The plot to WitchHut’s recently released Sewer Escape (out now, $0.99) feels like what might have happened should Don Bluth have first injected himself with heroin before he created Secret of Nimh. It all begins when three rats manage to escape from the diabolical laboratories of doctor Madbrain, only to find refuge in a sewer getaway utterly filled with dangerous radioactive waste. After gaining massively enlarged brains thanks to deciding the glowing green glop might be tasty, their newfound intellect and curiosity demands that they must discover what lies above.
It is to this end that they have constructed a giant cannon with which they plan to shoot one of their own up into the stratosphere, once and for all answering the great mysteries of what truly lies beyond Mother Earth. Of course – what with all the pipes and other structures in the way – it’s not going to be a simple matter to get their test pilot, Kenny, all the way up there without some serious help. It also doesn’t exactly help their cause much that their cannon lacks the necessary oomph to even launch poor Kenny all the way out of the sewers, but this can be rectified later on with upgrades.
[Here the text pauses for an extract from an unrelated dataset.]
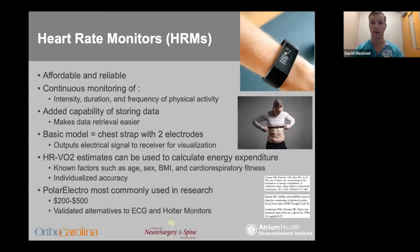Then there are heart rate monitors. These are a completely different field of data generation — they're better at measuring metabolic costs at different levels of activity. Heart rate monitors include the ability to store their own data, which makes data retrieval easier. The basic type is a chest strap that detects the heart's electrical signal via two electrodes. Because the cost of one step is not equal for all patients, a heart rate monitor can be a better calculator of energy expenditure. The Polar electrode company is the most widely used in the medical and research field, with validated alternatives to EKG and Holter monitors.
Thankfully the exposure to all of that radioactive waste has left Kenny, who didn’t get the large brains that Al and Bert did, with an extremely powerful asset at his disposal: potent radioactive farts. All you have to do – in order to unleash a mighty blast of air – is tap Kenny before he falls back down off the bottom of the screen, with the specific direction of propulsion being determined by which side you poke him from. Along the way up there will also be coins floating about that can be collected should Kenny happen to fly into them, or if the player slashes through them with their finger (slashing Kenny, however, does not affect him in the slightest).
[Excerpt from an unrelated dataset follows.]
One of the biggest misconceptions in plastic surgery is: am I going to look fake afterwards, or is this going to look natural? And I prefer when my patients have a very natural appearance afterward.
These coins that you collect can in turn be used to purchase a variety of permanent upgrades: enhancement to power up duration, increases to the launching power of the cannon, etc. In general the asking price for these various upgrades is rather fair such that you’ll never feel like you’ve been required to grind forever in order to acquire the next piece of equipment. What you most definitely won’t – at any point in time – find yourself pressured to do is to throw IAP money WitchHut’s way, in part because Sewer Escape has been delivered to iTunes 100% micro-transaction free.
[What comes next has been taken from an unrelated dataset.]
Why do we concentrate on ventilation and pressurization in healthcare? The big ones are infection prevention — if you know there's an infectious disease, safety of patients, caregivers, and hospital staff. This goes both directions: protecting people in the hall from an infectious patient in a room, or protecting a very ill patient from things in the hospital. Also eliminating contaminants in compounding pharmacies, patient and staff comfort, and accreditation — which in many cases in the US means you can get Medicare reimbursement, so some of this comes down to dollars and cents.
Outside of amassing coins – as well as seeing just how (non-narcotically) high one can get Kenny – the other thing players can focus on are achievements, of which Sewer Escape contains a whopping forty. Not only do these provide a tally list of various tasks you have completed, but there is furthermore a specific coin reward attached to each medal earned in the name of rat kind. It is worth noting – however – that the acquisition of achievements currently causes instability to occur on lower end devices, with straight up crashing being common if two of them are obtained close together.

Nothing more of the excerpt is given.